RS: They are masses in relation to one another. They’re not about composition or figure-ground; they emphasize the comparison of different weights in juxtaposition.
GG: So this, to me, is again another jump.
RS: For me they have more to do with Cezanne than with Malevich. I wasn’t looking at Cezanne when I conceived them, but in retrospect, I see a clear connection in the way they deal with weight and mass in relation to shape. They’re the opposite of the floating shapes of Constructivism and Malevich, referred to in drawings like Heir
The comparison of the diptychs with Cezanne may be a stretch, but no one else comes to mind who deals so physically with mass and weight. No one talks about the weight of Cezanne, but there’s a manifestation of weight there that’s not in Picasso, not in Matisse, barely in anyone who follows. Cezanne is obviously interested in gravity and in the relation of weight to plane. Take Still Life with Plaster Cupid [ca. 1894], in the Courtauld, where he punches a hole in the space, and you think the apples and onions are going to roll off the table. The only thing holding them in place is their weight. They have the weight of cannonballs.

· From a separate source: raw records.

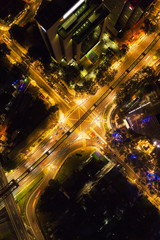 Poster - Aerial view of highway junctions shape letter x cross at night. Bridges, roads, or streets in transportation concept. Structure shapes of architecture in urban city, Kuala Lumpur Downtown, Malaysia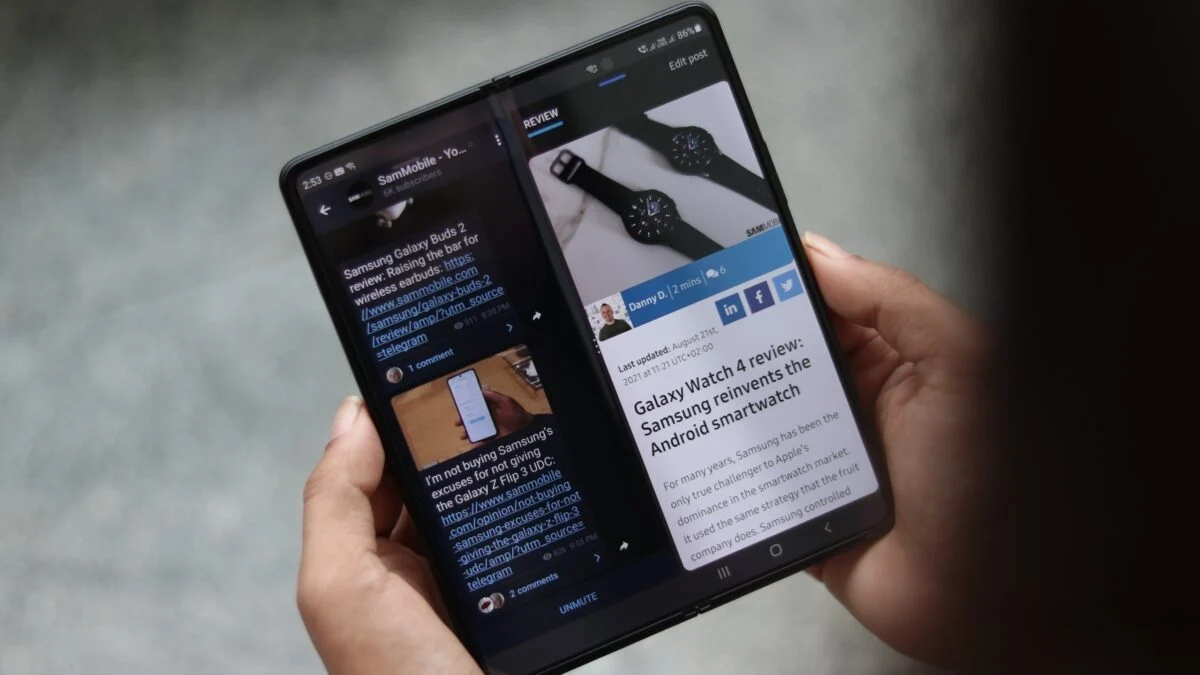 نمای نزدیک از گوشی تاشو Samsung Galaxy Z Fold 3 که در حالت باز شده و در دست گرفته شده و صفحه‌نمایش بزرگ آن دو بخش جداگانه از یک وب‌سایت خبری را به صورت Split Screen نمایش می‌دهد.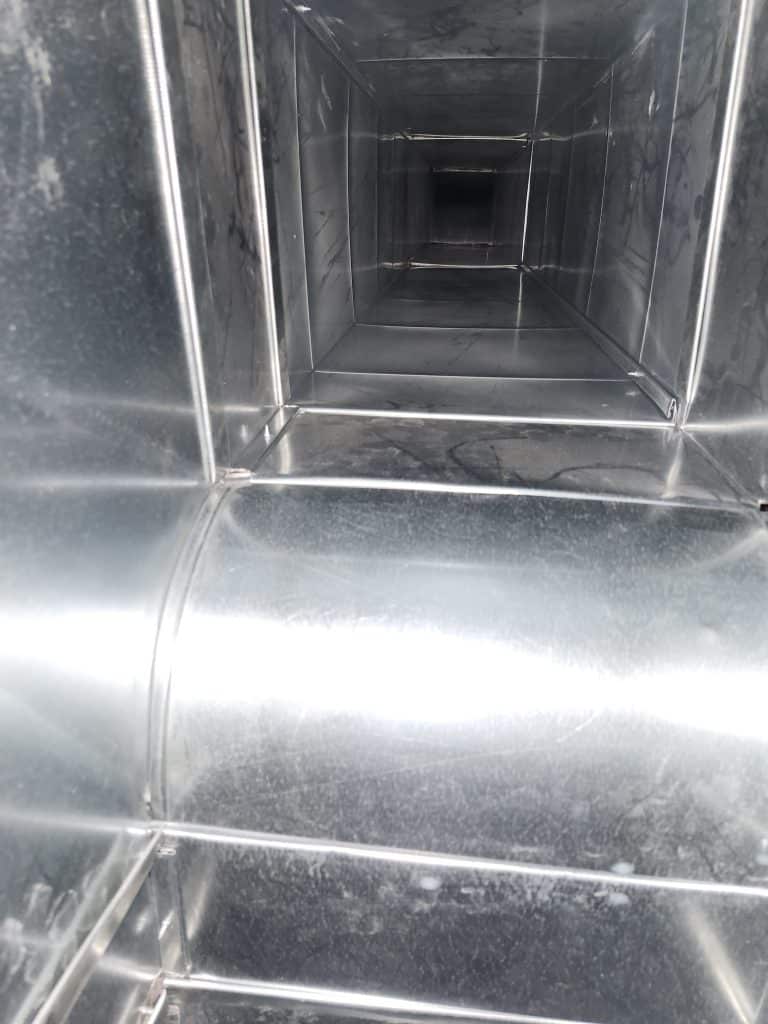 Inside ductwork during duct cleaning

So the answer, then, is C) gravity.
But then, literally, as I’m typing this in from the book, it’s 41:00 into the recording of the panel, right where Serra says it:
I think Twombly has a big range– a big range of evocation. I think that’s what he does. He doesn’t present an image; he evokes a sensuality, and it’s unlike anything in post–I think. I’d have to go back to someone like Baziotes, maybe–there’s nothing in the American brain like that. Americans are much–maybe Brice. Americans are much more heavy-handed, much more flat-footed, much more aggressive.
This is the opposite of Cezanne. And the whole inheritance of the New York School kind of goes Cezanne; Cubism; into Abstract Expressionism; Pop Art pretty much hangs things back on a grid; the grid comes back up again in Minimalism. That seems to me all an extension of a certain kind of classicisim and aggression and a standardization coming out of Cezanne, a misreading of Cezanne, albeit. And Twombly takes the opposite attack. It’s very lyrical. And very open. And very…delicate.
Brice Marden: Yeah, I think it’s really great that he left town. [crowd laughs]
OK, then. I seem to have misunderstood the question. The correct answer is actually D) Serra likes to think in terms of major historical frameworks. I’m glad that’s all cleared up.